→ **TASK REQUIREMENTS**
Write out exactly, excluding pictures, the lines from the one containing "Living room, Photo" through the end of the data, both included.

#### DATA SEGMENT ####

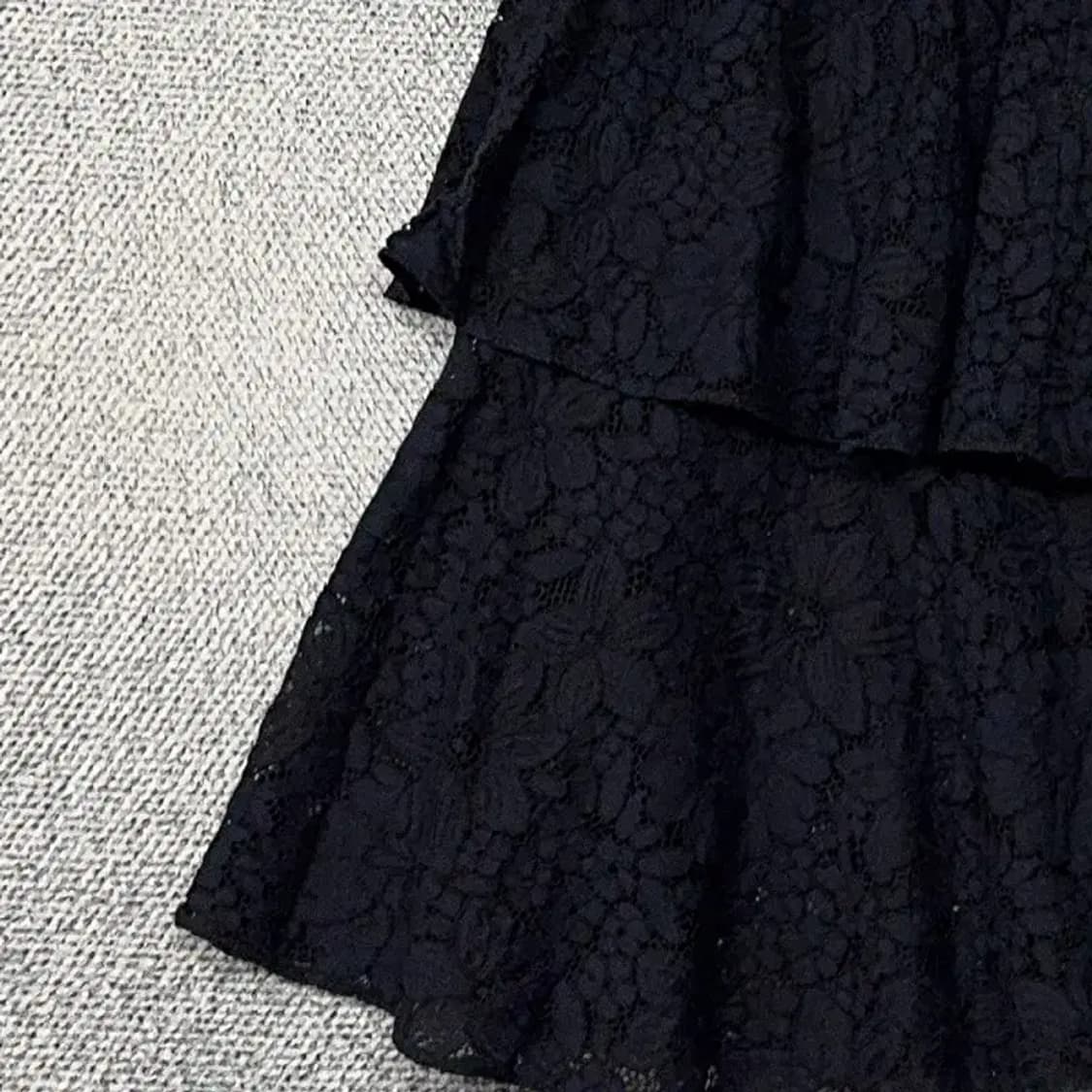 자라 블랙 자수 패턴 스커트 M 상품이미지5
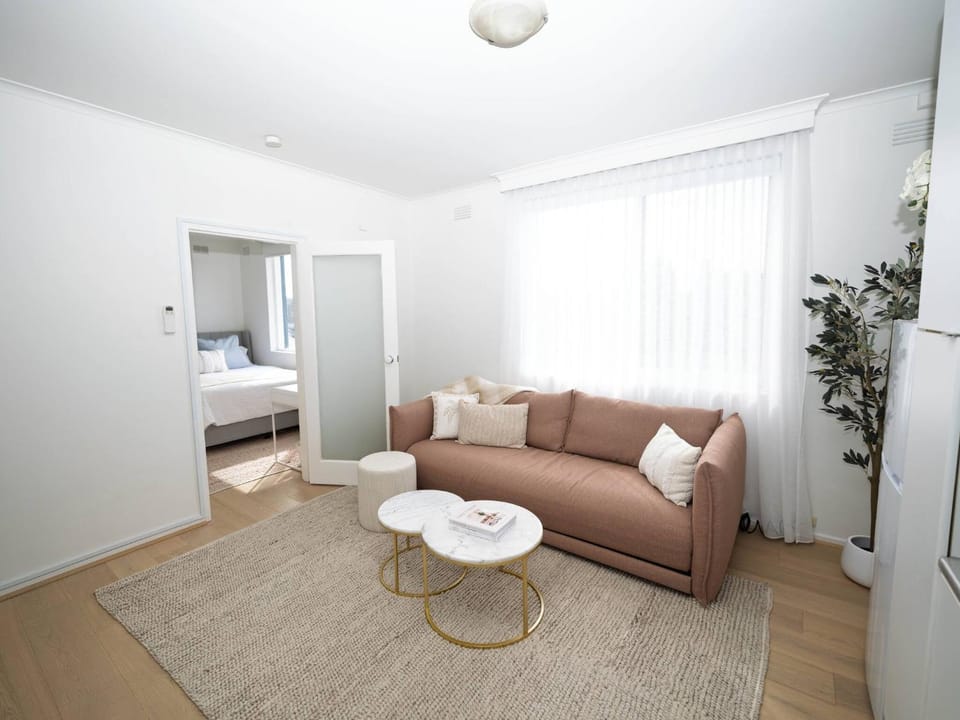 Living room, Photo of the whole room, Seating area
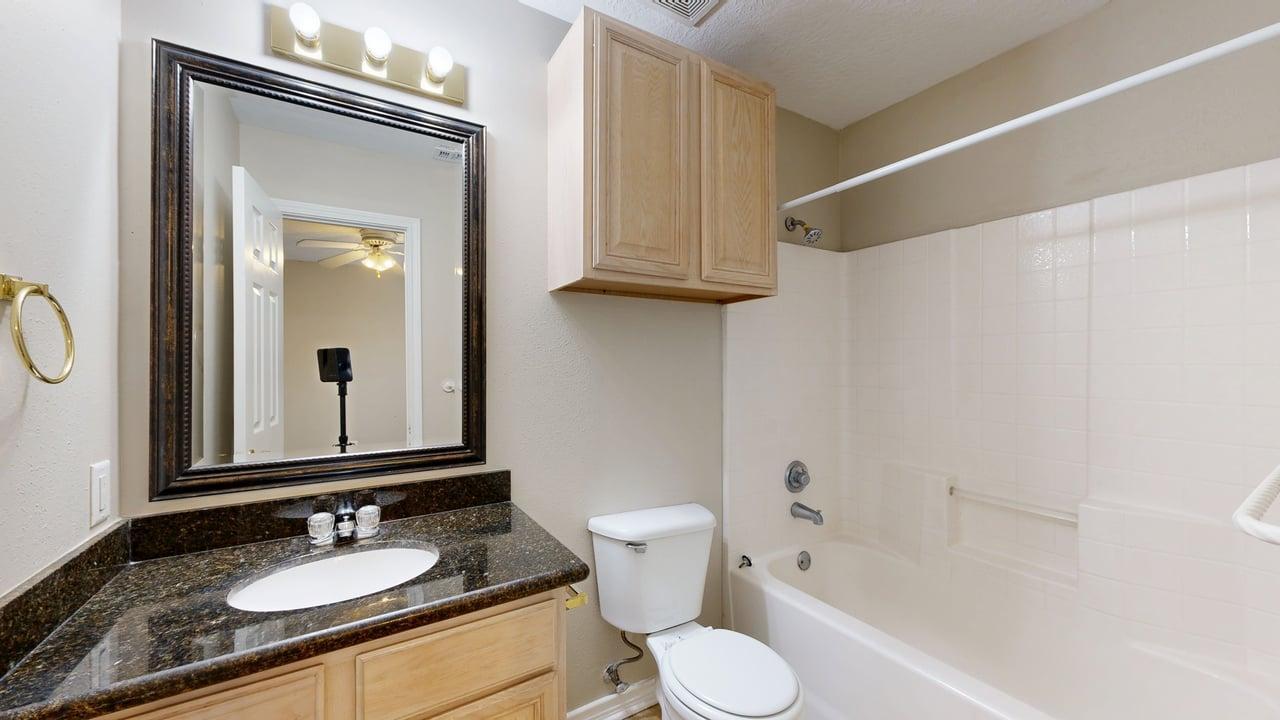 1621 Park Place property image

####

→ **OUTPUT**
 Living room, Photo of the whole room, Seating area
 1621 Park Place property image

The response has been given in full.